Your instructions
Each record must be output exactly and in full.

Material to process
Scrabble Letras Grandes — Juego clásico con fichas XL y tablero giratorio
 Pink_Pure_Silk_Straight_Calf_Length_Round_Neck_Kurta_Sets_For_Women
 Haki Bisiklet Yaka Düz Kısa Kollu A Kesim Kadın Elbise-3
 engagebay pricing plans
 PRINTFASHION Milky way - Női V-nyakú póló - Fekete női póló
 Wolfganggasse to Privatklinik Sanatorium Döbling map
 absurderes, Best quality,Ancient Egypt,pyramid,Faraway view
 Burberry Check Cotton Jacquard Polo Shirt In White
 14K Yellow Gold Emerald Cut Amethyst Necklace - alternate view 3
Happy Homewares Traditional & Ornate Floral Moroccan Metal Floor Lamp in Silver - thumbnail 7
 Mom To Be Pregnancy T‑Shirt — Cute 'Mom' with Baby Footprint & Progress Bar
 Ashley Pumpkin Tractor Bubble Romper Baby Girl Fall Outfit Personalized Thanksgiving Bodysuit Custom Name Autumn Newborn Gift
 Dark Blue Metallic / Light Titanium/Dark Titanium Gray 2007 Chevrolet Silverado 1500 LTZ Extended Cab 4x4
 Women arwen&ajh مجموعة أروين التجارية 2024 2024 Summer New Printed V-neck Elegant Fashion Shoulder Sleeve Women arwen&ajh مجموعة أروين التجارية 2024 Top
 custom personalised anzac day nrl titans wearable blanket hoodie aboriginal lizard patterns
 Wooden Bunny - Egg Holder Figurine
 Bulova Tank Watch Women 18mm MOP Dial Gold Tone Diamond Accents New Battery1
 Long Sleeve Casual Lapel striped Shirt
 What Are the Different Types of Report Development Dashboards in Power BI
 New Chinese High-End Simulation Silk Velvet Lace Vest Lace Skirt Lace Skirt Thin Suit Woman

Result of this exercise
Scrabble Letras Grandes — Juego clásico con fichas XL y tablero giratorio
 Pink_Pure_Silk_Straight_Calf_Length_Round_Neck_Kurta_Sets_For_Women
 Haki Bisiklet Yaka Düz Kısa Kollu A Kesim Kadın Elbise-3
 engagebay pricing plans
 PRINTFASHION Milky way - Női V-nyakú póló - Fekete női póló
 Wolfganggasse to Privatklinik Sanatorium Döbling map
 absurderes, Best quality,Ancient Egypt,pyramid,Faraway view
 Burberry Check Cotton Jacquard Polo Shirt In White
 14K Yellow Gold Emerald Cut Amethyst Necklace - alternate view 3
Happy Homewares Traditional & Ornate Floral Moroccan Metal Floor Lamp in Silver - thumbnail 7
 Mom To Be Pregnancy T‑Shirt — Cute 'Mom' with Baby Footprint & Progress Bar
 Ashley Pumpkin Tractor Bubble Romper Baby Girl Fall Outfit Personalized Thanksgiving Bodysuit Custom Name Autumn Newborn Gift
 Dark Blue Metallic / Light Titanium/Dark Titanium Gray 2007 Chevrolet Silverado 1500 LTZ Extended Cab 4x4
 Women arwen&ajh مجموعة أروين التجارية 2024 2024 Summer New Printed V-neck Elegant Fashion Shoulder Sleeve Women arwen&ajh مجموعة أروين التجارية 2024 Top
 custom personalised anzac day nrl titans wearable blanket hoodie aboriginal lizard patterns
 Wooden Bunny - Egg Holder Figurine
 Bulova Tank Watch Women 18mm MOP Dial Gold Tone Diamond Accents New Battery1
 Long Sleeve Casual Lapel striped Shirt
 What Are the Different Types of Report Development Dashboards in Power BI
 New Chinese High-End Simulation Silk Velvet Lace Vest Lace Skirt Lace Skirt Thin Suit Woman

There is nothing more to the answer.